## Scenario

You worked on creating market segmentation groups using kmeans on customer shopping records, but you're not sure kmeans was the best method. By the end of this lesson, you want to find the appropriate number of groups and their descriptions.

# Hierchical Clustering 
Agenda today:
- Hierarchical Clustering 
    -  Introduction
    -  How the algorithm is constructed?
    -  Implementing hierarchical algorithm

Goals today:
- Understand how hierarchical clustering finds clusterings in observations
- Compare and contrast hierchical clustering and k-means
- Build and interpret a dendrogram
***

# Introduction 

### Supervised vs. Unsupervised Machine Learning 
Recall from our previous lesson in supervised learning, where we use a number of features to predict a label. In unsupervised ML problem, we are not predicting and labels, thus we do not have a ground truth to compare our models to.
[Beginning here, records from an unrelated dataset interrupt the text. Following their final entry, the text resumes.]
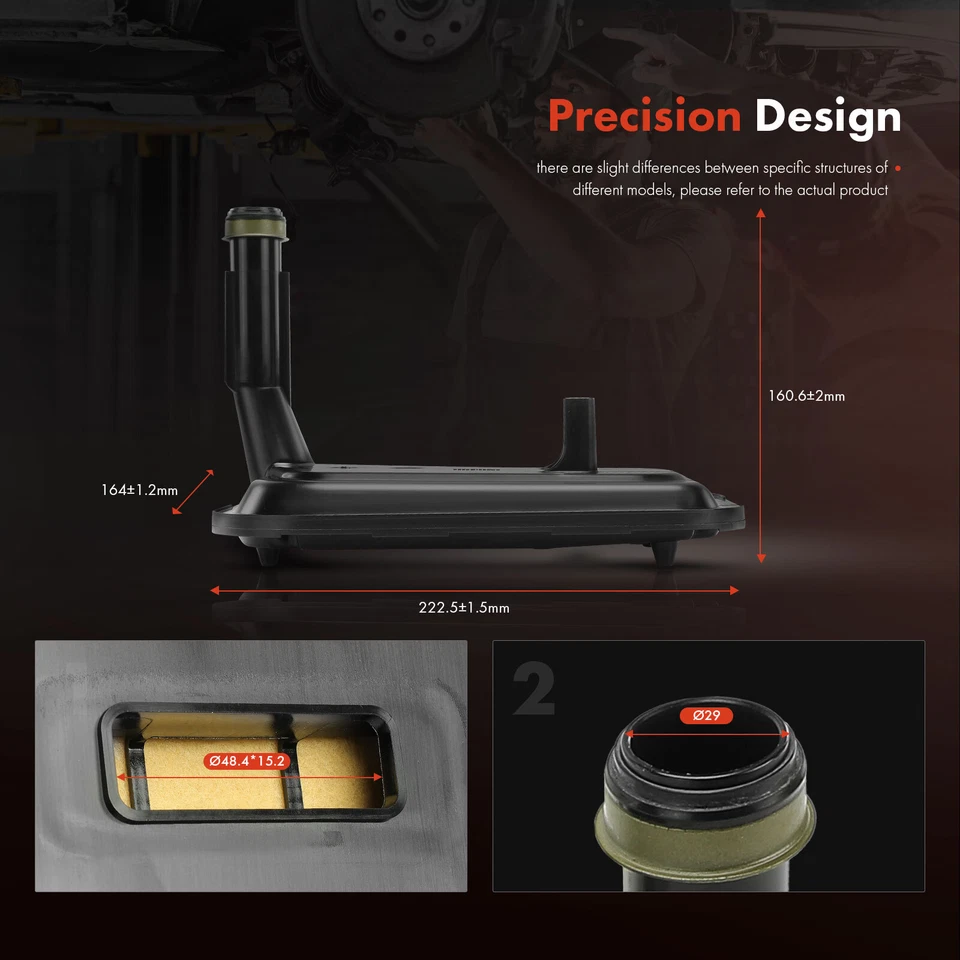 Filtro de transmisión automática para Chevrolet Camaro Impala Cadillac STS SRX XLR Foto 4 de 4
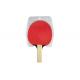 Poplar 5 Plywood Table Tennis Bats 1.8mm Sponge with Double Pimple In Rubber for Recreation
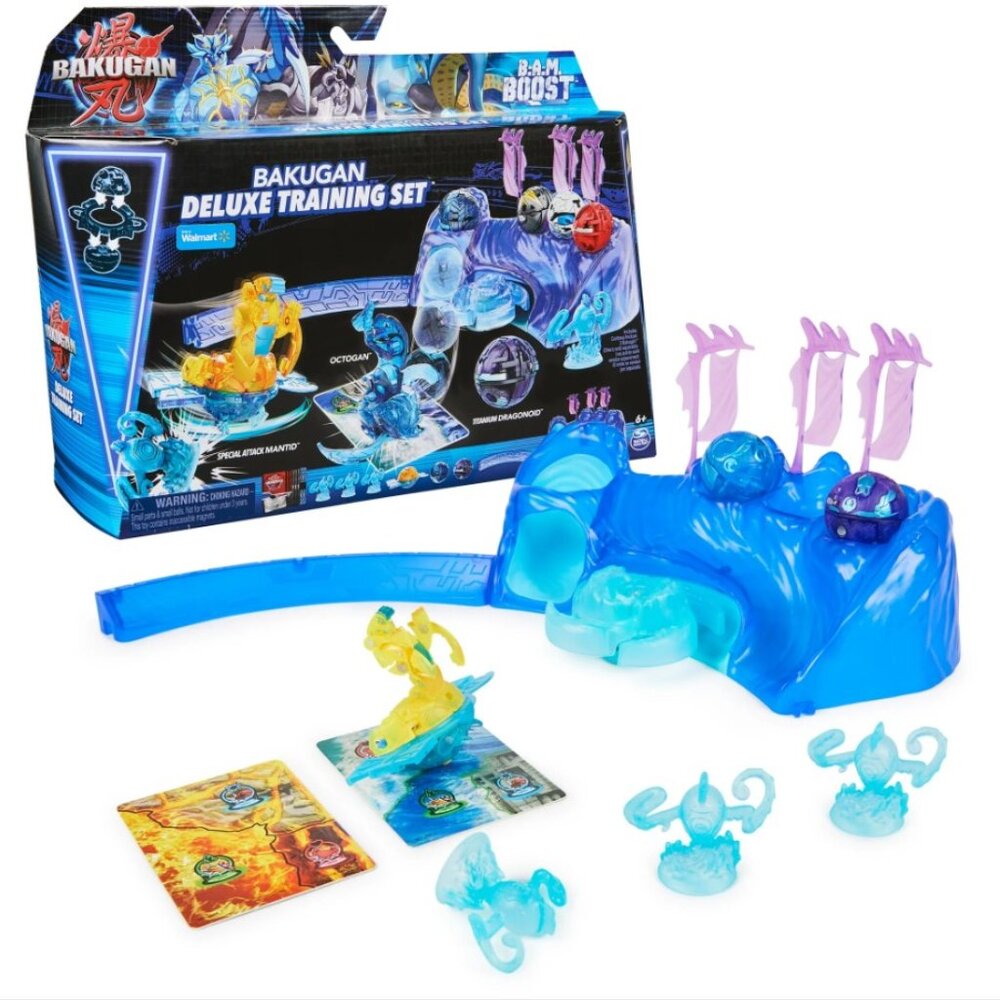 NEW Bakugan Deluxe Training Playset with Special Attack Mantid, Dragonoid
In other words, we are doing the best we can to group individual observations together without having a gold standard to evaluate them. 

### Intuition
Clustering is a family of techniques for identifying clusters in a dataset. The goal of clustering is to group the most similar observations together into a cluster. In Hierchical Clustering, we prioritize **similarity** between individual observations.


### PCA vs. Clustering
Both PCA and clustering are unsupervised algorithms. The difference between them are, according to ISLR:
- PCA looks to find low-dimensional representation of the observations that explain a good fraction of the variance 
- Clustering looks to find homogenous subgroups among the observations
***

# Hierarchical Agglomerative Clustering
Recall K-means clustering where the goal is to assign individual observations to pre-specified number of clusters according to Euclidean distance between the centroid and the observation, Hierarchical clustering sets out to group the most similar two observations together from a bottom-up level. We end up with a tree-like diagram named **dendrogram**, which allows us to view the clusterings obtained for each possible number of clusters, from 1 to n. It is up to our discretion as data scientists to decide how many clusters we want. 

![dendo](img/dendogram.png)

***
One disadvantage of K-means clustering is that we have to specify the number of clusters beforehand. The type of hierchical clustering we will learn today is **agglomerative**, or **bottom up**, such that we do not have to specify the number of clusters beforehand. We will now dive into the details of hierchical clustering.
***

### How does the algorithm work
Initially, every observation is its own cluster. As we move up the leaf of the dendrogram, the most similar pair of observation fuse together, and the next most similar group of leafs fuse together etc. until everything fuse together into a big cluster. Where to cut off branching that fuse together the tree is up to our discretion. 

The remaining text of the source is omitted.